If appropriate, you could also provide a link to a project or work sample that supports your note (i.e. “I know we talked about my work with Nike, here’s a quick example of some of that from my portfolio!”). Make sure not to bombard your interviewers with too many links or irrelevant information – one or two specific project examples should be enough.

4. Send the emails ASAP, ideally within 24 hours of your interviews

In terms of timing and when to send thank-you emails, the sooner you can send out thoughtful and personalized notes, the better! We always advise sending emails instead of traditional paper (snail) mail – the last thing you want is for the hiring team to have already made their decision before your note even arrives. The decision process often moves faster than the postal service, so an email that arrives same-day or the next morning is the way to go!

Managing Post-Interview Expectations

After you’ve completed the interview process and sent your thank-you notes, you may need to be patient and wait to hear back (we know this can be the toughest part!). Here are some additional tips regarding the post-interview process:

1. Look to your potential employer’s timeline for follow-up guidance

With so many teams hiring research & insights professionals, most employers are aware that the market is competitive and will try to give you a sense for timing around when they will have feedback or a decision after the interview.

After you’ve sent your thank-you emails, wait to send any additional follow-up notes until after the timeline the employer has provided. If you’re working with a recruiter, they should be a good resource for letting you know when to expect a response!

2. Do your research on salary expectations

Before the job offer and negotiation process, make sure to do ample research on realistic salary expectations for your field. Burtch Works has published salary reports for research & insights professionals, but also keep in mind the targeted salary range the company has in place for the role and how compensation can vary depending on industry and location.

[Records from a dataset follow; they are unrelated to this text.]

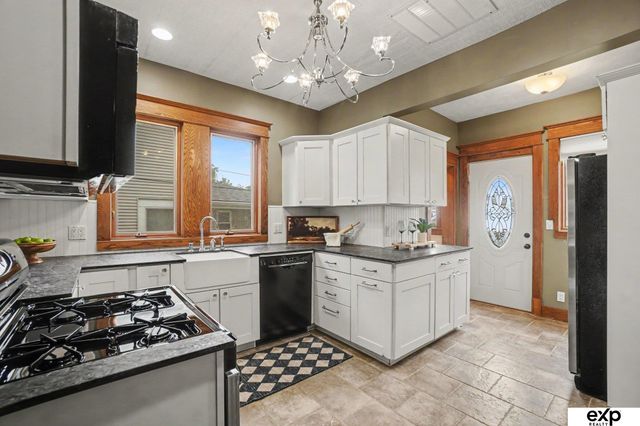 1403 S 8 Street, Omaha, NE 68108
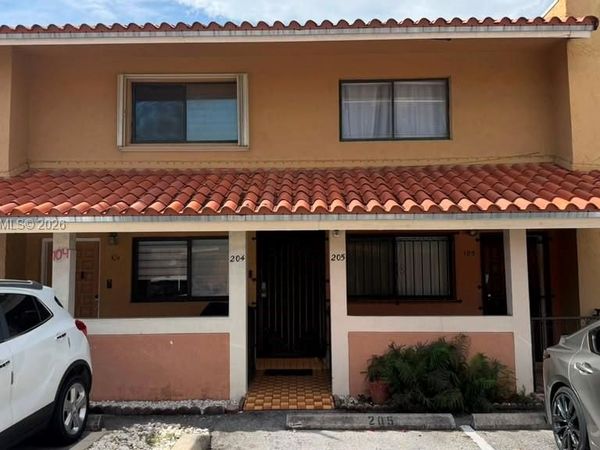 2770 W 61st Pl , Unit 204, Hialeah, FL 33016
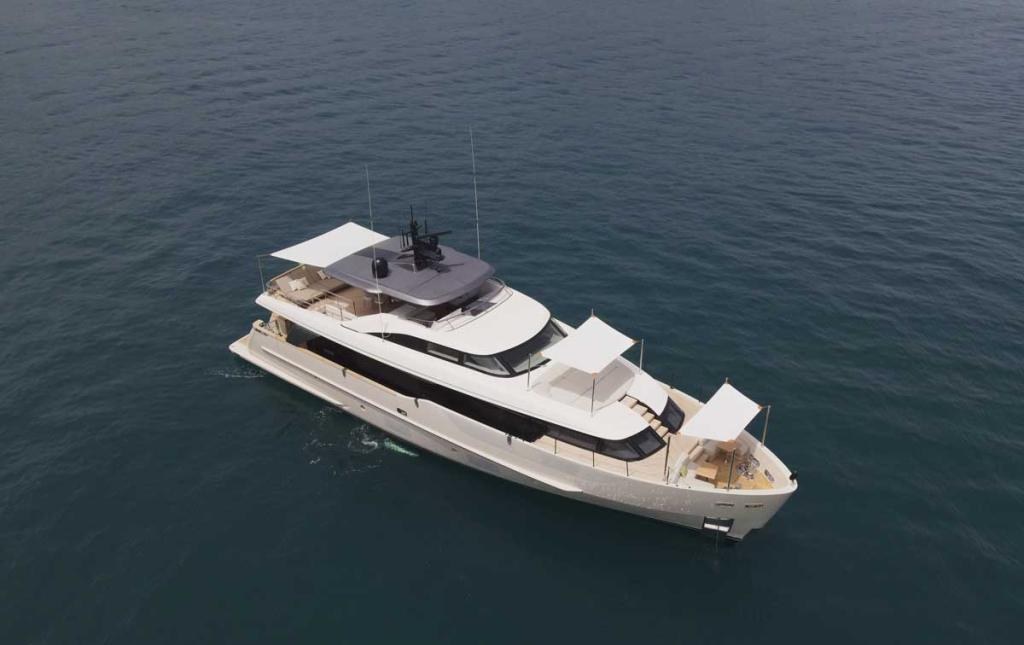 EM3 yacht charter 1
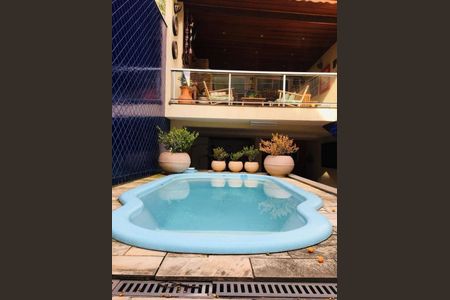 Casa à venda com 150m², 3 quartos e 2 vagas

3. Keep your contact apprised of other interview activity or job offers

Dealing with an active interview schedule or multiple job offers can be a tricky situation, but transparency is the best policy. If you’ve been actively interviewing and things seem to be moving along quickly or your status changes with another company, make sure to let your contact know so that they can take that into consideration and try to keep pace if possible.

 

Timing can play an integral role in any job search, especially in an active job market. Hopefully these tips provide you with a good starting point for putting together thoughtful correspondence after interviews. Best of luck in your job search, and keep an eye on the blog for more job search tips!